Being “average” is often considered a bad thing, but new research suggests that averageness wins when people assess the trustworthiness of a face. The research indicates that, while typical-looking faces aren’t seen as the most attractive, they are considered to be the most trustworthy.



While having a unique look hasn’t harmed the career of, say, Lily Cole, studies have repeatedly shown that when it comes to which faces we prefer, we are more impressed by averageness. Researchers created artificial faces on a computer by combining photos of several people’s faces to generate a composite, “average” image. In preference trials, these highly average faces were consistently rated most attractive. What’s more, the more faces were used to build a composite face, the more attractive the composite face was judged to be.



As well as averageness, there is another important influence on how physically attractive a person’s face is perceived to be.  A simple research study shatters whatever romantic notions you may hold. Male and female volunteers looked at a series of smiling female faces and were asked to rate the attractiveness of each one. Some of the faces they saw just once, while others they saw six times. By the end of the study the repeatedly viewed faces were picking up higher attractiveness ratings for no other reason than the added exposure. Did you think familiarity breeds contempt? You couldn’t be more wrong.



While people often expect the most attractive people to inspire the most trust in others, this isn’t the case.
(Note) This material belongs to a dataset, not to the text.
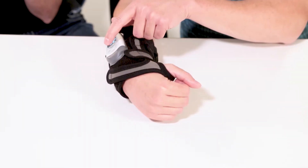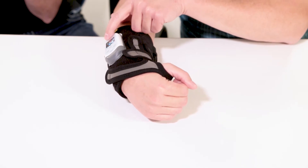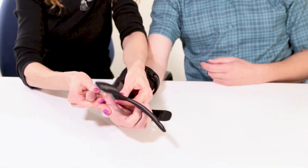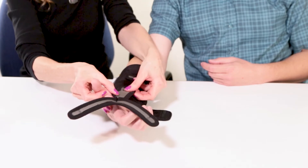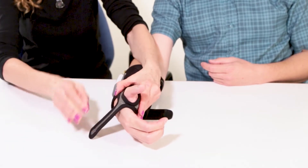If flexion of the end joint of the thumb is desired, the included thumb strap allows the placement of the small thumb electrode directly on the fleshy ball of the thumb. This is where the thumb flexing muscles are located.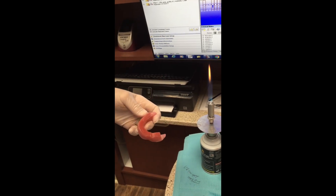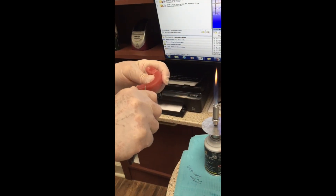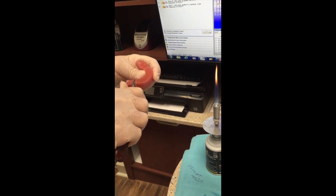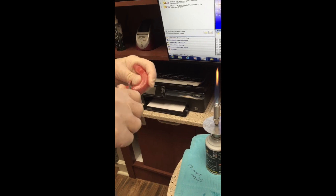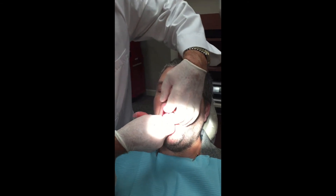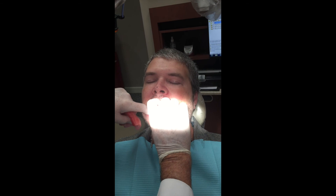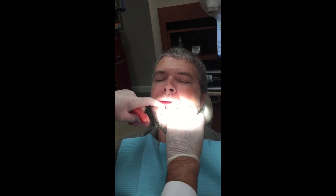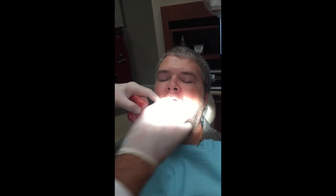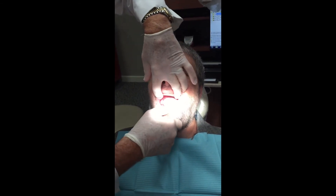In dental school you had to do this yourself when you were training to be a dentist, and there was a reason — so that you'll know when you have your lab do this whether they're making them correctly. If they don't make them correctly, then you've got to come back and make them correctly. Let's see if we can get this to fit together.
Average-looking faces are considered most trustworthy, psychological research finds.

The reason may be down to the ‘typicality’ of an average-looking face.


Dr Carmel Sofer, who led the research, said:

“Face typicality likely indicates familiarity and cultural affiliation — as such, these findings have important implications for understanding social perception, including cross-cultural perceptions and interactions.”

As people’s faces get more distinctive — irrespective of whether it is more or less attractive — it gets less trustworthy.

Dr Sofer said:

“Although face typicality did not matter for attractiveness judgments, it mattered a great deal for trustworthiness judgments.

This effect may have been overlooked, because trustworthiness and attractiveness judgments are generally highly correlated in research.”